Of particular concern for U.S. analysts will be executives' views about their exposure to China, amid the recent worries about a trade war.
Treasury Secretary Mnuchin said on Saturday he might travel to Beijing, a move that could ease tensions between the two supersized economies.
"A trip is under consideration," Mnuchin said at a news conference during the International Monetary Fund and World Bank spring meetings in Washington.
"I did meet with the Chinese here. The discussions were really more around the governor's actions at the PBOC (People's Bank of China) and certain actions they've announced in terms of opening some of their markets, which we very much encourage and appreciate."

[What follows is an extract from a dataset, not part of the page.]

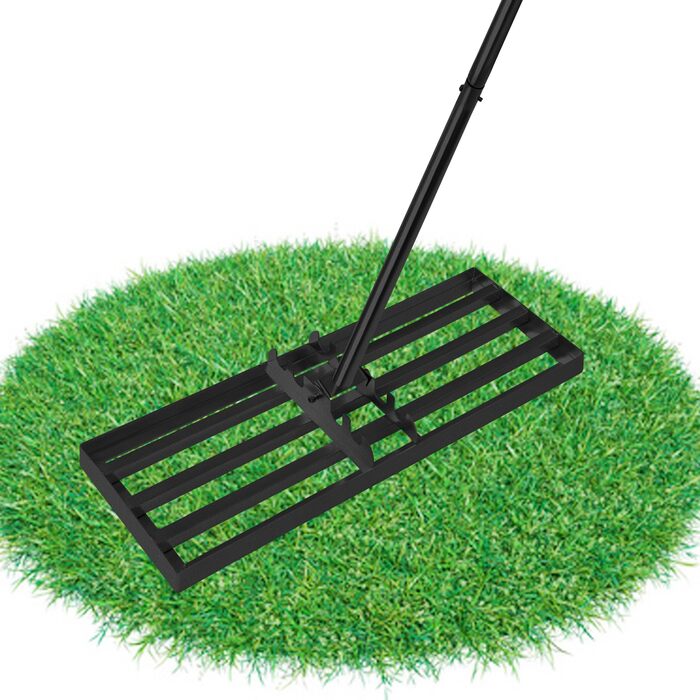 Регульована граблі-рівняч для газону з нержавіючої сталі та ергономічною ручкою. Ідеально підходить для вирівнювання газонів, розпушування ґрунту, піску та догляду за садом, двором, гольф-полем (50 x 25 см, Чорний). Розмір 50x25 см, колір - Чорний.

Back in commodity markets, the spike in oil has driven up both market expectations of future inflation and long-term bond yields.
Yields on 10-year Treasurys are at the highest now since early 2014 and again threatening the hugely important 3 percent bulwark.
The last time yields neared this number in 2013 it rocked risk appetite and sent stocks sliding. It also came shortly before oil prices went on a mighty 75 percent tumble.
"Another $5/barrel increase in oil will be enough for U.S. 10-year yields to threaten 3 percent. Oil is now at the cusp of levels where higher prices will spark greater FX and broader asset market volatility," said Deutsche Bank's macro strategist, Alan Ruskin.
Traditionally the dollar had a slight negative correlation with oil, mostly because the dominant causation goes from dollar weakness to rising oil prices, he added.
"If oil helps push the 10-year yield into new terrain for this cycle, this will play at least mildly USD positive in a change of correlation."
Indeed, dealers cited widening yield differentials for the dollar's broad rally.
The gap with German bonds has touched the widest in almost three decades. On a spot basis shorter-term U.S. 2-year yields are testing 2.5 percent, which is the highest since 2008.
The greenback was last at 108.215 having broken through major resistance in the 107.90/108.00 zone, which has held solid since mid-February.
The dollar index powered up to 90.69, and further away from last week's low at 89.229.
The euro was easier at $1.2232, having repeatedly failed to break above $1.2400 in the last couple of weeks.
Investors are awaiting the European Central Bank's policy meeting on Thursday amid talk that policymakers feel it is still too early to announce a timetable for winding down its bond buying.
ECB chief Mario Draghi said on Friday he was confident that the inflation outlook has picked up, but uncertainties "warrant patience, persistence and prudence."